→ Brief:
The reply should be the records repeated exactly, without any images.

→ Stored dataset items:
----------------------------------------
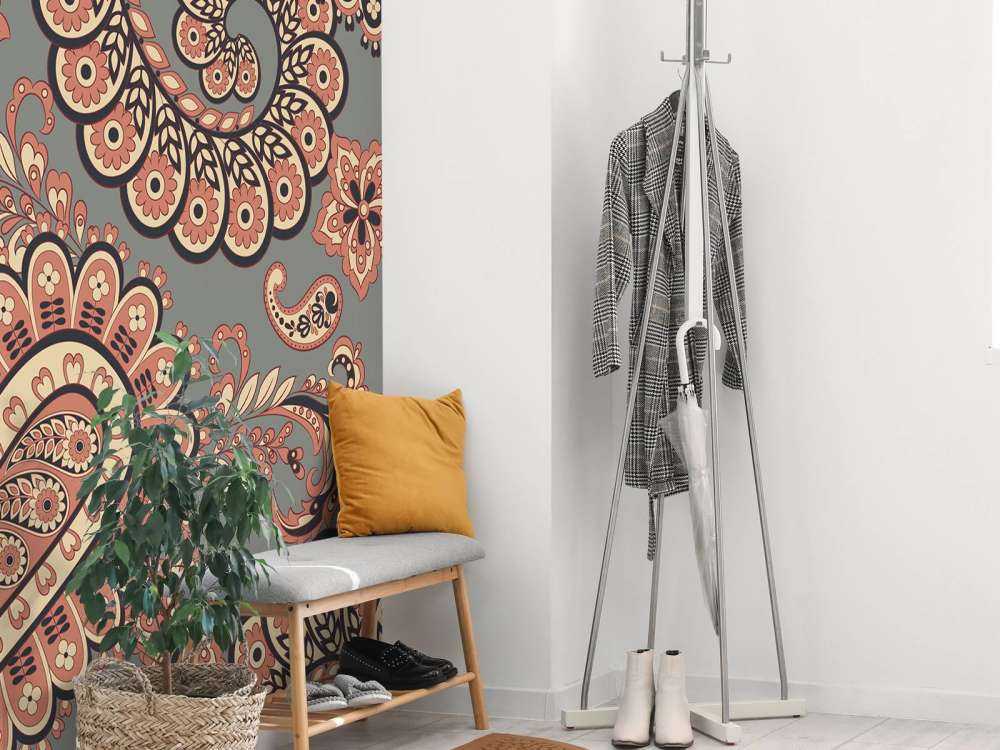 Antichi motivi floreali indiani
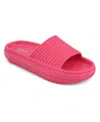 Mia Luvly Slide Sandal In Hot Pink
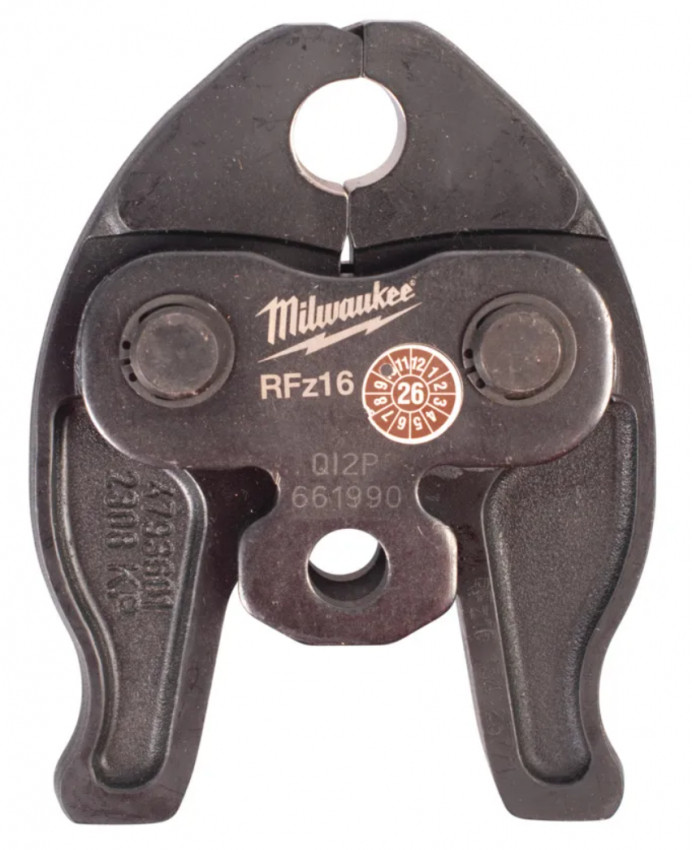 Пресс-кліщі змінні для опресовування труб MILWAUKEE, J12-RFZ 16 (для M12 HPT)-4932493957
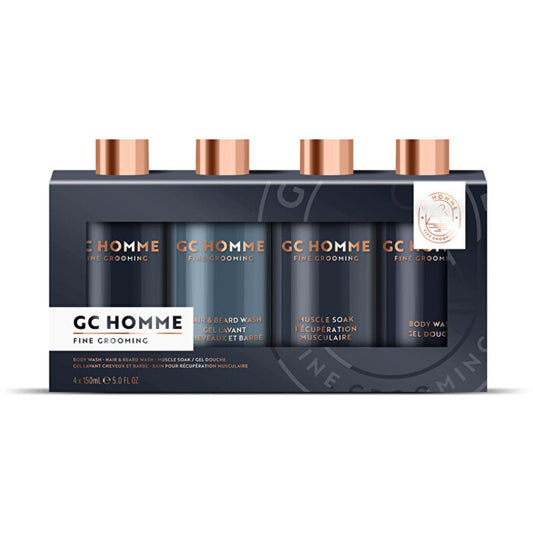 Grace Cole GC Homme Fine Grooming Bath Set (Mandarin & Black Pepper) - Gift set for men 600ml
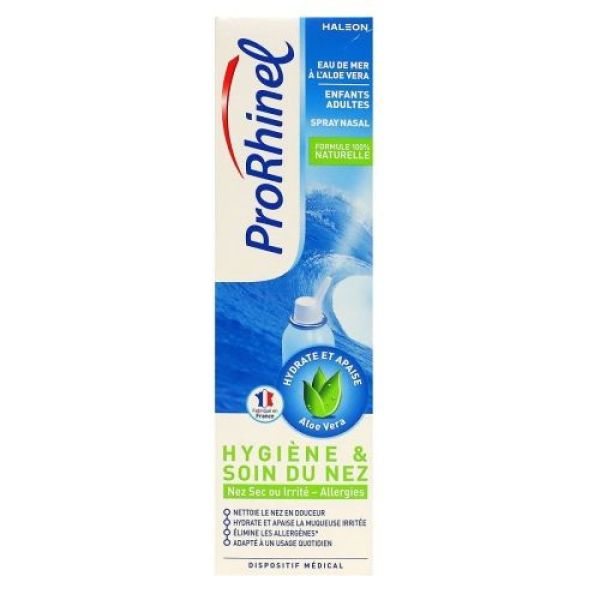 GSK - Prorhinel Solution Nasal Hygiène et soin du nez Aloé Vera - 100Ml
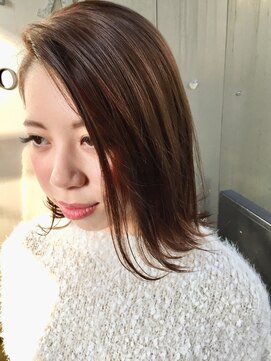 ヘアールーム グリン(Hair room GRin) GRin×外国人風切りっぱなしボブ♪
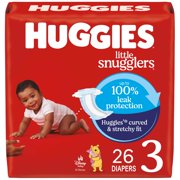 حفاضات الأطفال Huggies Little Snugglers، مقاس 3 (16-28 رطلاً)، 76 قطعة (اختر للمزيد)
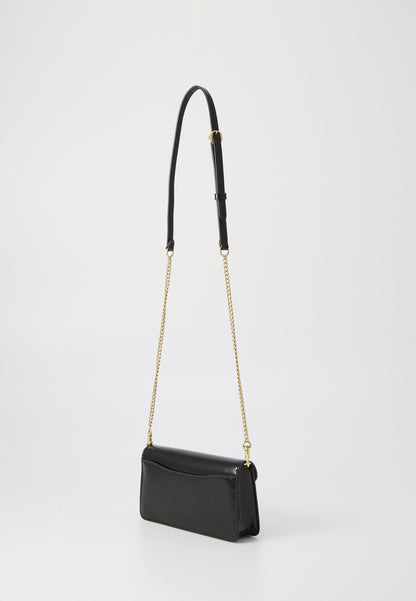 Tabby 20 spazzolato leather chain clutch bag- Black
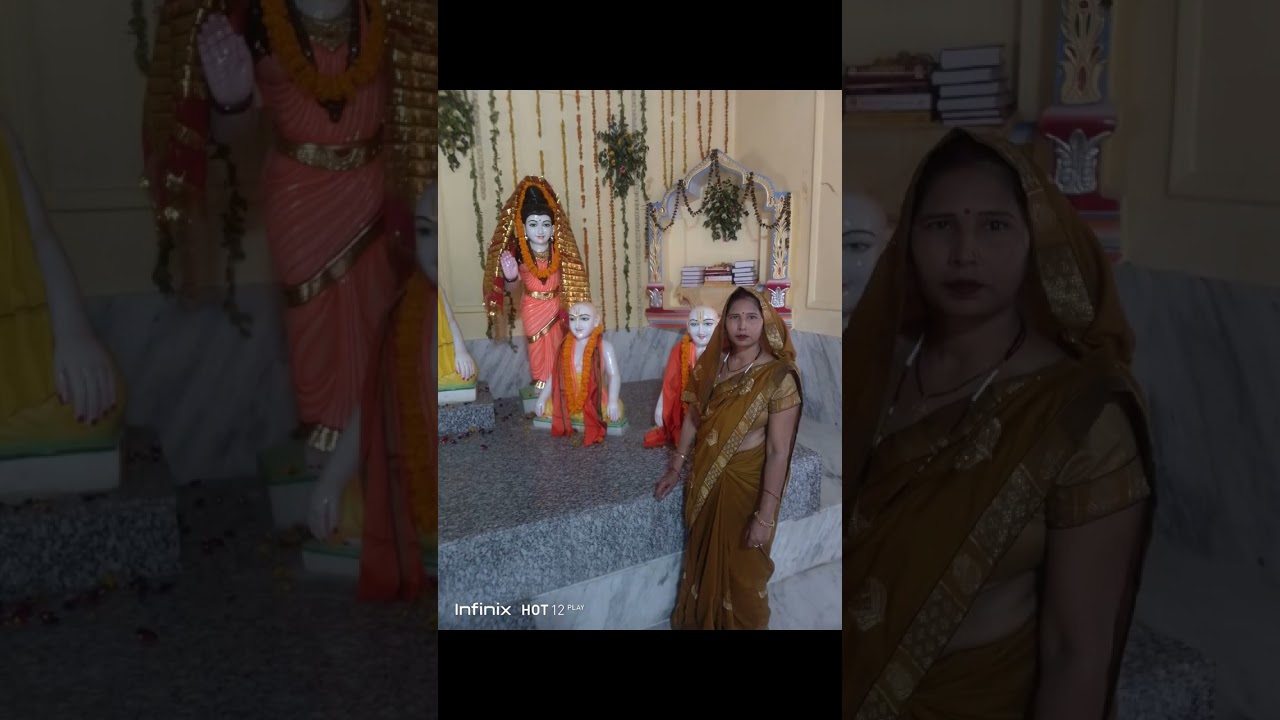 बढ़नी मिश्रा ने राम भद्राचार्य के द्वारा चारों भाइयों गुरु वशिष्ठ की प्राण प्रतिष्ठा हुई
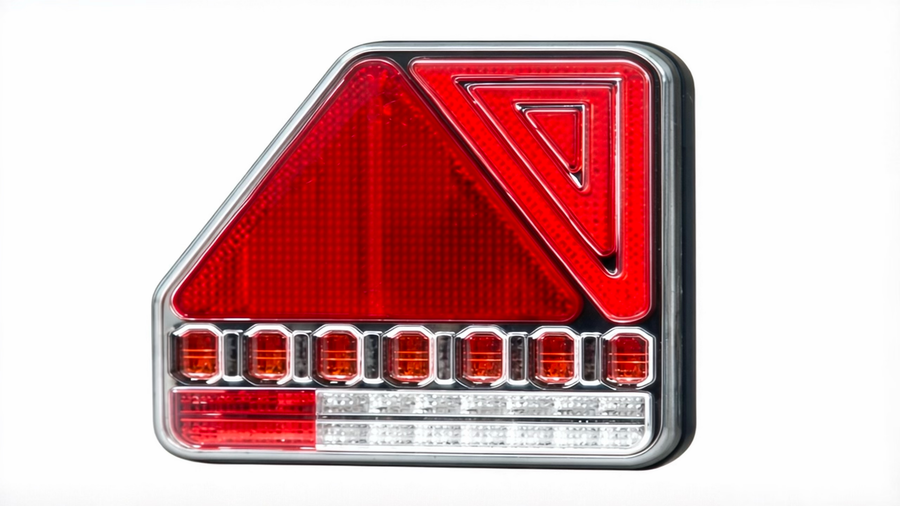 🔺 PILOTO 6 SERVICIOS IZQ 12-24V LED DINÁMICO TRIANGULAR C/CABLE 1,2MT IM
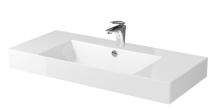 Nábytkové umyvadlo Cersanit Inverto 100x45 cm obdélníkové bílá K671-007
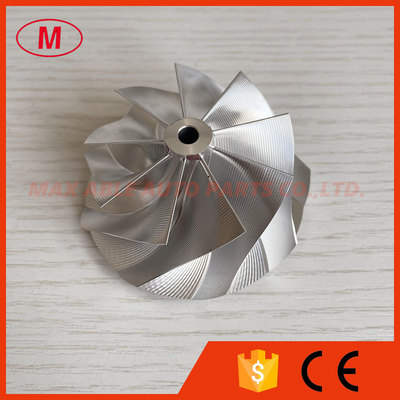 55.00/68.00mm reverse 9+0 blades point milling turbocharger milling/aluminum 2618/billet compressor wheel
----------------------------------------
→ Answer section:
 Antichi motivi floreali indiani
 Mia Luvly Slide Sandal In Hot Pink
 Пресс-кліщі змінні для опресовування труб MILWAUKEE, J12-RFZ 16 (для M12 HPT)-4932493957
 Grace Cole GC Homme Fine Grooming Bath Set (Mandarin & Black Pepper) - Gift set for men 600ml
 GSK - Prorhinel Solution Nasal Hygiène et soin du nez Aloé Vera - 100Ml
 ヘアールーム グリン(Hair room GRin) GRin×外国人風切りっぱなしボブ♪
 حفاضات الأطفال Huggies Little Snugglers، مقاس 3 (16-28 رطلاً)، 76 قطعة (اختر للمزيد)
 Tabby 20 spazzolato leather chain clutch bag- Black
 बढ़नी मिश्रा ने राम भद्राचार्य के द्वारा चारों भाइयों गुरु वशिष्ठ की प्राण प्रतिष्ठा हुई
 🔺 PILOTO 6 SERVICIOS IZQ 12-24V LED DINÁMICO TRIANGULAR C/CABLE 1,2MT IM
 Nábytkové umyvadlo Cersanit Inverto 100x45 cm obdélníkové bílá K671-007
 55.00/68.00mm reverse 9+0 blades point milling turbocharger milling/aluminum 2618/billet compressor wheel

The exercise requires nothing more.